(di Mauretta Capuano)
"Avrei voluto conoscere 'I
travestiti' da giovane, perché mi avrebbe reso più consapevole
del fatto che esistevano persone come me nel mondo e nella
storia". A cinquant'anni dalla prima edizione de 'I Travestiti'
di Lisetta Carmi, che torna in libreria da oggi per Contrasto
con foto inedite a colori, lo dice Juliet Jacques che firma il
contributo 'Le nostre vite interiori' alla nuova edizione del
volume. Transgender, 41 anni, Juliet Jacques, che vive a Londra,
scrive, fa la cineasta e insegna al Royal College of Arts, al
suo arrivo alla Fiera Più libri più liberi alla Nuvola a Roma,
parla con entusiasmo e commozione di questa edizione a colori, a
cura di Giovanni Battista Martini, con testi di Vittorio
Lingiardi, Paola Rosina e della stessa Carmi.

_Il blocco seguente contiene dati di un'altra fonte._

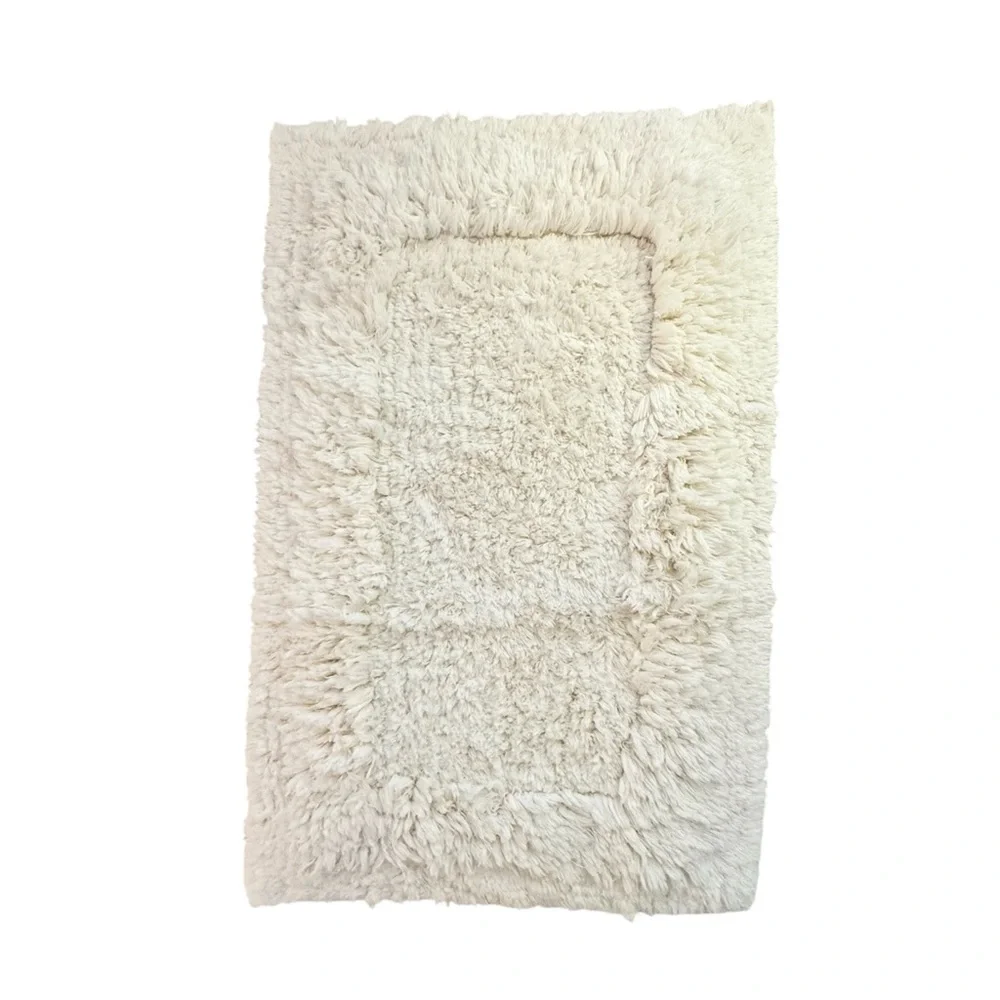Crate & Barrel Raffee White Fluffy Cotton Bath Mat 2ft x‎ 3ft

"Io queste foto le ho viste per lo più in bianco e nero, a
colori mi sembrano più giocose. Adesso
i librai che nel 1972 avevano difficoltà a esporre il libro,
questo volume lo vogliono vendere. C'è un nuovo pubblico che a
quel tempo non esisteva o al quale non era consentito esistere"
dice all'ANSA Juliet Jacques. "Oggi le persone transgender hanno
più visibilità in tutto il mondo e quindi sarà più interessante
vedere se queste foto troveranno un loro pubblico interessato a
capire in che maniera vivevano le persone transgender
cinquanta-sessant'anni fa. Io ho una buona sensazione" aggiunge.

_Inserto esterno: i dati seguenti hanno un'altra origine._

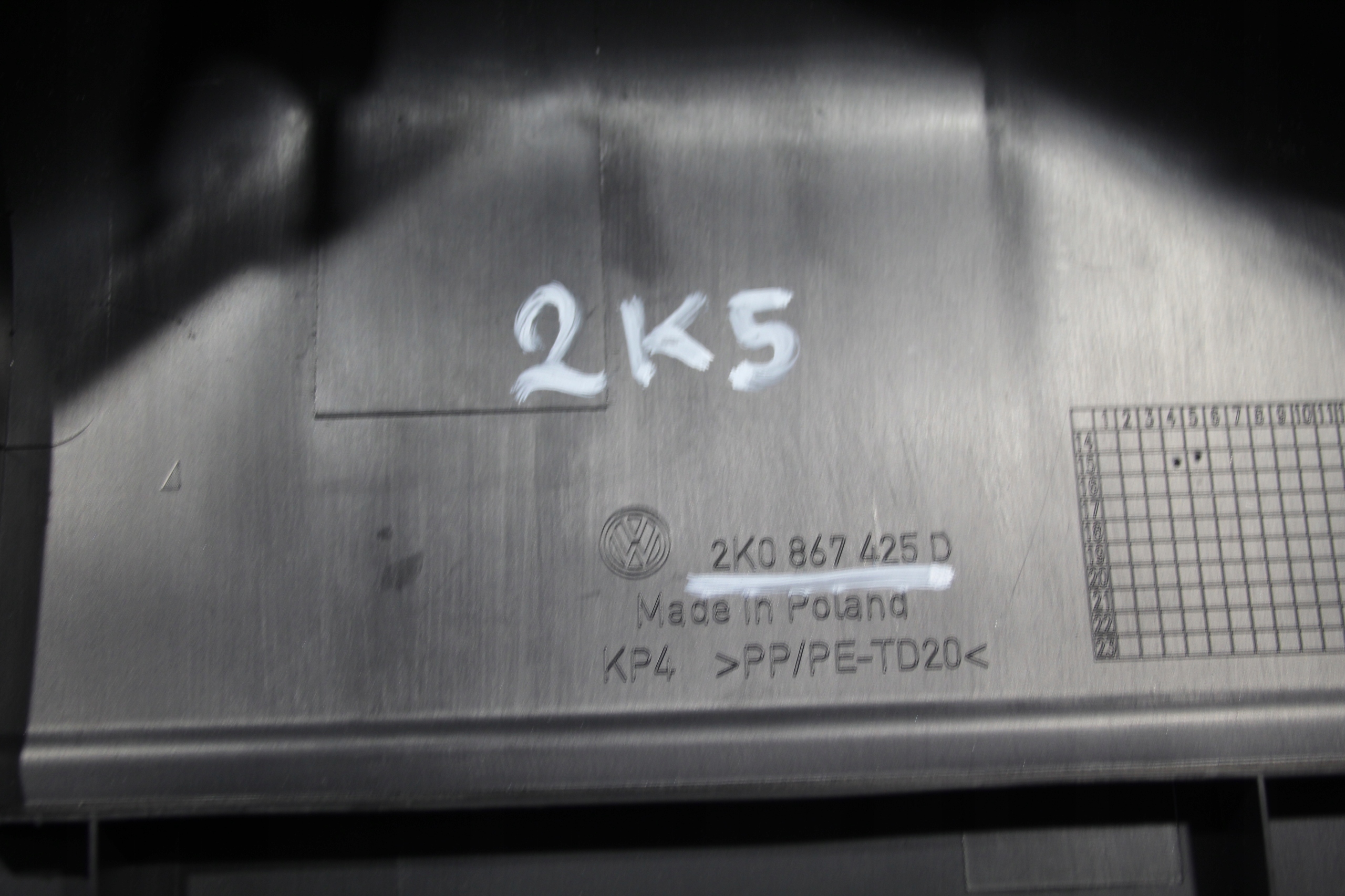 KRYT SILNICZKA STIERAČA VW CADDY 2K0 2K5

"Amo Lisetta non solo per il lavoro sui travestiti ma per tutto
quello che ha fatto. Penso alle foto che ha scattato ad Erza
Pound quando era caduto in disgrazia per la questione del
fascismo. In tutta la sua opera appare una grande umanità e
gentilezza di spirito. Era una persona che non giudicava nessuno
e consentiva a tutti i suoi soggetti di esprimersi. Una persona
devota al vero e straordinariamente aperta" racconta la Jacques
che non sapeva nulla della grande fotografa morta a 98 anni a
luglio 2022 prima di lavorare a questo progetto.

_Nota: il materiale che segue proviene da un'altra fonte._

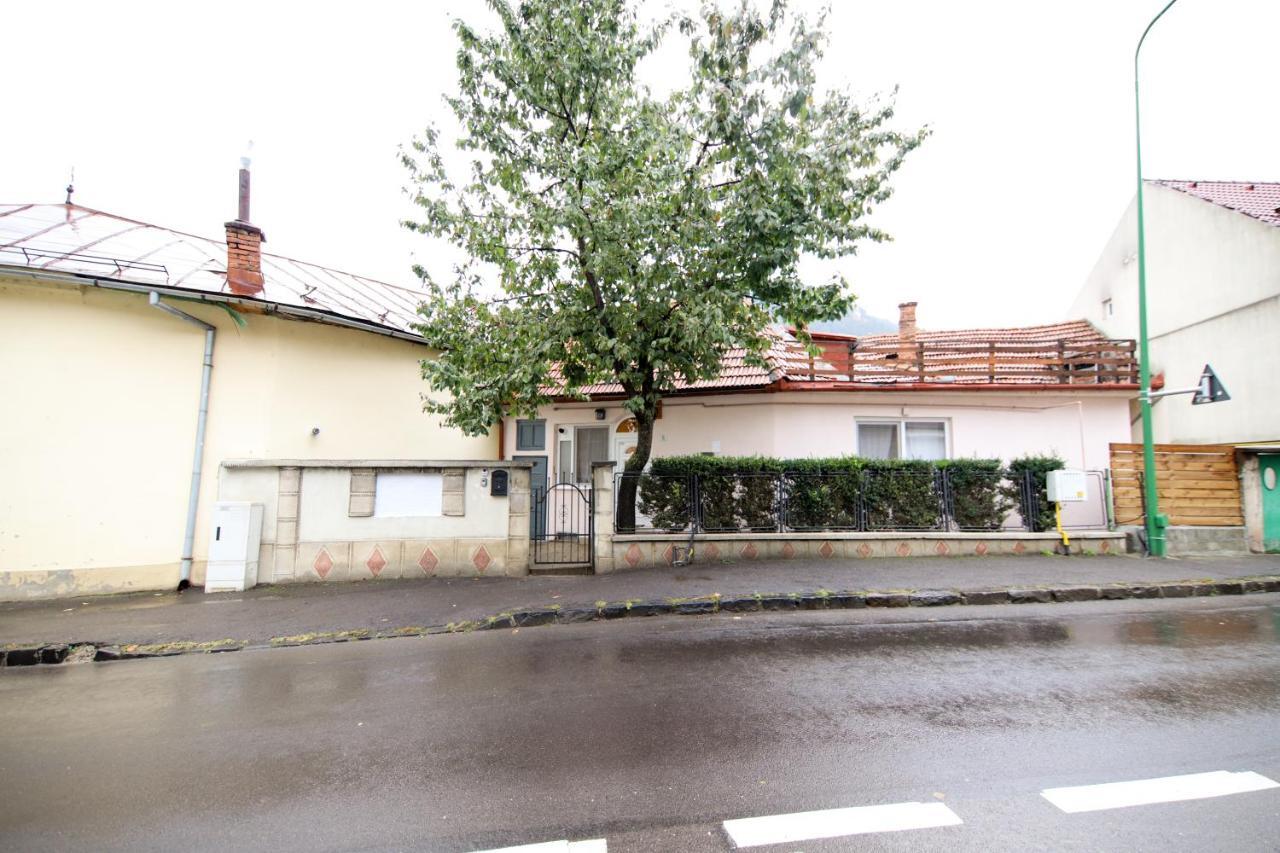 June Studio Apartman Brassó Kültér fotó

"Con Lisetta Carmi ci siamo sentite una sola volta al telefono,
nel 2019, quando lei aveva già 95 anni ed era già parecchio
sorda, la linea telefonica faceva schifo, io non parlavo
italiano. Ci siamo date un saluto e basta, insomma. Nel 2019
avevo scritto un testo sul suo lavoro commissionato dalla
rivista Frieze. Ho letto tutto sulla storia della sua vita. Era
una donna ebrea nata in Italia, costretta a lasciare il suo
Paese per le leggi razziali. Una volta tornata in Italia si
iscritta al partito comunista e ha realizzato cose molte belle"
spiega. "A metà anni Sessante lavorava a un progetto
fotografico sui portuali di Genova. Con loro aveva stabilito un
ottimo rapporto. Uno era transessuale, viveva in incognito e ha
deciso di affidare a lei il suo segreto. La ha invitata a una
festa di persone trans dove Lisetta ha scattato delle foto e
con alcune di queste persone è rimasta in contatto per anni".
Quello che mancava in quegli anni e che è mancato anche a Juliet
Jacques era proprio un linguaggio. "Quando ero giovane ero molto
isolato e solitario, non avevo un linguaggio per capire me
stesso e neppure la sensazione di appartenere a una comunità.
Ero nell'isolamento e anzi della mia identità transgender facevo
un segreto sperando che nessuno se ne accorgesse. Molto dopo i
20 anni ho conosciuto persone dichiaratamente transgender e solo
allora mi sono sentita parte di una comunità. Vorrei avere
cominciato prima" racconta. E chi sono i travestiti? si chiedeva
la Carmi nel testo che riportato del libro. "I travestiti
svolgono un servizio sociale? Sono l'espressione enfatizzata ed
esasperata di un modo ormai superato (o in via di superamento)
di considerare la donna come un bene di consumo? Sono
l'avanguardia paradossale e contradditoria di un modo nuovo di
concepire (o di abolire) i ruoli assegnati all'uomo e alla
donna? O sono tutte queste cose insieme?" sottolineava.